Сейчас нет такой инстанции, которая решала бы, что можно, а что нельзя. Эта инстанция замкнулась в персоналиях. Люди, занимающиеся изданием, теперь лично принимают решения, что можно, а что нельзя. И поскольку людей много, точек зрения много, позиций разнообразных много – значит, и возможностей больше. И ощущение большей свободы безусловно имеет место. Разница, может быть, заключается в том, что в шестидесятые годы всё это было внове. Это был такой неожиданный подарок судьбы, о котором и говорить-то не приходилось в те времена. Более того, ощущение подарка судьбы мы наблюдаем и сейчас в наше время тоже.
…Мне все время кажется, что вокруг меня творится какой-то фантастический непредсказанный мир. А вот чем отличалось наше время от шестидесятых существенно – так тем, что в шестидесятые мы были гораздо большими оптимистами, чем сейчас…

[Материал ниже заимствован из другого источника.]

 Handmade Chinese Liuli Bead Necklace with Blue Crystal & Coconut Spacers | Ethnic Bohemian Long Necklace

Если бы я обладал параноидальным складом мышления, то я бы сказал: ну вот, Миша, Старший Брат нас слушает. Но Старший Брат не уловил главного из того, что я хотел сказать. Я как раз хотел провозгласить славу, в каком-то смысле, конечно, в узком, но все-таки славу, существующему порядку вещей. Дело в том, что чем больше я на эту тему размышляю, тем более прихожу я к оптимистическому выводу, что существование этого волоска свободы зачем-то нужно власть имущим. Зачем? Об этом можно, наверное, целую книжку написать. И, наверное, книжки на эту тему пишутся, просто мы их не читаем. Но зачем-то это нужно. Вот существование этого волоска, обрубить который можно одним только дуновением, – это существование дает надежду на то, что это надолго. Вот навсегда – я не знаю, стоит ли употреблять такой термин, но – надолго.

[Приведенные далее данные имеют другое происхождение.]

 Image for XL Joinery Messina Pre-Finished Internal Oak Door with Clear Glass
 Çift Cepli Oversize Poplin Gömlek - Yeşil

Поскольку я, в отличие от конца шестидесятых, совершенно убежден в том, что никакой авторитаризм не может существовать сколь угодно долго. Поскольку я убежден, что оттепель очередная, какая там уже, третья или четвертая, является совершенно неизбежной. Она почти не зависит ни от желания народа, ни от желания начальства, а зависит от каких-то совершенно перманентных, очень важных, очень глубоких причин, связанных с психологией власти вообще. Поскольку я вот в этом убежден, для меня существование этого волоска чрезвычайно важно. Его берегут, ничего не стоит его обрубить, но его берегут. Зачем-то это надо. Кто-то хочет его сберечь. Кто-то хочет все-таки оставить ситуацию взвешенной. Никто не хочет прекратить то веяние свободы, которое возникло в конце шестидесятых, – дыхание свободы. Можно было его прекратить, задушить в одно мгновение, в двадцать четыре часа, в пятнадцать минут. Можно, но не делается это.